Una semana después que la capital de Estados Unidos experimentó una de las peores inundaciones en más de un siglo, los museos y otra atracciones volvieron a abrir para el largo fin de semana con motivo de la conmemoración del Día de la Independencia, el 4 de julio.
Sin embargo, en otros puntos del noreste, miles de personas seguían esforzándose por despejar las áreas anegadas y escombros, o los damnificados seguían sin volver a sus viviendas después de las devastadoras inundaciones que causaron por lo menos 20 muertos en los Estados de Pensilvania, Maryland, Nueva York y Virginia.
En el complejo de monumentos históricos de Washington se realizó el 40mo festival de vida folclórica del museo Smithsonian, que concentró a unas 80,000 personas en la inauguración del viernes.
Se calcula que unas 500,000 personas asistirán el martes por la noche al cuarto concierto del Capitolio y a la exhibición de fuegos artificiales sobre el Obelisco de Washington.

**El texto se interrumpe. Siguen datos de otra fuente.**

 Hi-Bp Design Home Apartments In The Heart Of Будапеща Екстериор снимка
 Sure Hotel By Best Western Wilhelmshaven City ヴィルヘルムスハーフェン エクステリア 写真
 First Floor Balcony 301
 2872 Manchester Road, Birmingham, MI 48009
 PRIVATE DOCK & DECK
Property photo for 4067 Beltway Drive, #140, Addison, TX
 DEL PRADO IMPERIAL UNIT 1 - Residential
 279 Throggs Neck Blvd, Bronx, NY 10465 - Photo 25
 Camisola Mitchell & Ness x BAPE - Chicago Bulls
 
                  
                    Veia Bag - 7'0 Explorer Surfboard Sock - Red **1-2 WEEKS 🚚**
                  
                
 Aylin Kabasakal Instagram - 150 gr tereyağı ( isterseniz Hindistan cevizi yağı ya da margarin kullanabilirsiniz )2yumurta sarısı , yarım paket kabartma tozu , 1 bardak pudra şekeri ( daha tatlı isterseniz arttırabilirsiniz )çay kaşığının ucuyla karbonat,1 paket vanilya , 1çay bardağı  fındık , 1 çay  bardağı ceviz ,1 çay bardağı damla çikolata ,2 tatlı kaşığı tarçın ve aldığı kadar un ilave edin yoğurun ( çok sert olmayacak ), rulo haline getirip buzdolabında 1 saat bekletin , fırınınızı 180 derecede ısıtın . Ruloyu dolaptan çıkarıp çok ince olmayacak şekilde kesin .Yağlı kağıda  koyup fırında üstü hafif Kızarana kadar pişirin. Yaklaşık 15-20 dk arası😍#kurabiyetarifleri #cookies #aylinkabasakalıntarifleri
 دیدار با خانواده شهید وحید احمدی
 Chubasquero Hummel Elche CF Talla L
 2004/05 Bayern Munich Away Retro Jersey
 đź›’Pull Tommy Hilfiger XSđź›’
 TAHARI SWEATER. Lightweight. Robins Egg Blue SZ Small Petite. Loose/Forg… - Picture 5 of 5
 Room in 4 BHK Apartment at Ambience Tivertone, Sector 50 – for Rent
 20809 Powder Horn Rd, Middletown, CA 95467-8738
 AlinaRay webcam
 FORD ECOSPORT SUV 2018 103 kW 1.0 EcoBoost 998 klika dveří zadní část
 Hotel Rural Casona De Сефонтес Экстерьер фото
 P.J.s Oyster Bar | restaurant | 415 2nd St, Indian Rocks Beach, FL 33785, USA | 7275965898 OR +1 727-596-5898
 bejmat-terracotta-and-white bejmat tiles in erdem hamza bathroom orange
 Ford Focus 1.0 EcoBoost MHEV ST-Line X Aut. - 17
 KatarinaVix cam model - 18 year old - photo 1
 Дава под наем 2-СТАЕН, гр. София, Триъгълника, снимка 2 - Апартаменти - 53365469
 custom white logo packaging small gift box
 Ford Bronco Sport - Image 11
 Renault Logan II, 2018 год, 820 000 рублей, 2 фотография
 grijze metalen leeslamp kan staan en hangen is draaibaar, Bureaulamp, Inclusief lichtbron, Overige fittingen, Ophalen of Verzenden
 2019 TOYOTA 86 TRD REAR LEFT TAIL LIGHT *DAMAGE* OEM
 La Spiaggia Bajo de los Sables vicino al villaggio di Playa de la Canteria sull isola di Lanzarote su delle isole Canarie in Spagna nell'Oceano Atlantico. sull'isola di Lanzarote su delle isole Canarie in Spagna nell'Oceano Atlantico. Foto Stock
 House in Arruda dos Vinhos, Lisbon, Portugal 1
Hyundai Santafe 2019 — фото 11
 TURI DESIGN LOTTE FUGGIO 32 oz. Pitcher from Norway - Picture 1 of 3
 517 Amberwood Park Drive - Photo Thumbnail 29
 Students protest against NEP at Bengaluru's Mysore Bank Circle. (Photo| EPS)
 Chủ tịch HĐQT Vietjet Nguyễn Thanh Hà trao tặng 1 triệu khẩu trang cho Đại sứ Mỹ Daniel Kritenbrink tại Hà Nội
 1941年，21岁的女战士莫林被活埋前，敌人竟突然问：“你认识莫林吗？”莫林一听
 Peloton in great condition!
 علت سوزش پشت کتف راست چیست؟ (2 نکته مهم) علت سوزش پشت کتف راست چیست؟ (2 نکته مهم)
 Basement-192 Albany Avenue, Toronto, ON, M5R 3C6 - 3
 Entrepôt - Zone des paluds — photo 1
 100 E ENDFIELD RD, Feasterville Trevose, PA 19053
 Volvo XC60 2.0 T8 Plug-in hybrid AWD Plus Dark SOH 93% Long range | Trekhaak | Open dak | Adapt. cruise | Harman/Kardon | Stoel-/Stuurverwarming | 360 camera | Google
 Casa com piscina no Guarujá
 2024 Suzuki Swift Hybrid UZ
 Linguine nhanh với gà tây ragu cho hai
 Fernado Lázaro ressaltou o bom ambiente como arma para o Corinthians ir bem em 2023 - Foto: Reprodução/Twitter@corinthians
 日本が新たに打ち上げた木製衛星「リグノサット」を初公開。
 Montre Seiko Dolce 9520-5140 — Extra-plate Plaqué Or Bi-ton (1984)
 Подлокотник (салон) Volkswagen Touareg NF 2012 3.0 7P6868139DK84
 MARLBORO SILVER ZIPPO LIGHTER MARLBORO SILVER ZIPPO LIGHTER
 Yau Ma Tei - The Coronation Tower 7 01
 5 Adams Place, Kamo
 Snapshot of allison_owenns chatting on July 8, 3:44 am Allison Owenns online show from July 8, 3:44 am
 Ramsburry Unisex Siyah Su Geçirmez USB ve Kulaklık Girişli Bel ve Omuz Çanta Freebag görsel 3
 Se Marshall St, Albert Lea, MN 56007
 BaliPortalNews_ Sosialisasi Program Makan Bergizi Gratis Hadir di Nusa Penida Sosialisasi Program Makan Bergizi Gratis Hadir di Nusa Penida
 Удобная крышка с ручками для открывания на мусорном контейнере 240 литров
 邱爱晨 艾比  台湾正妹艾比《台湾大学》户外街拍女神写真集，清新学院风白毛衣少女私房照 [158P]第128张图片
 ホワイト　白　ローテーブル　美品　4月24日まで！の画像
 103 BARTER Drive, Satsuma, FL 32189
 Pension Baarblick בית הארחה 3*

El Museo Nacional de Historia Natural Smithsonian y el Museo Nacional de Historia Estadounidense estuvieron cerrados gran parte de la semana, principalmente por cortes de electricidad por las inundaciones, pero reabrieron el viernes y el sábado.
En tanto, el Archivo Nacional seguía cerrado mientras un equipo de expertos continuaba la tarea de secar el sótano.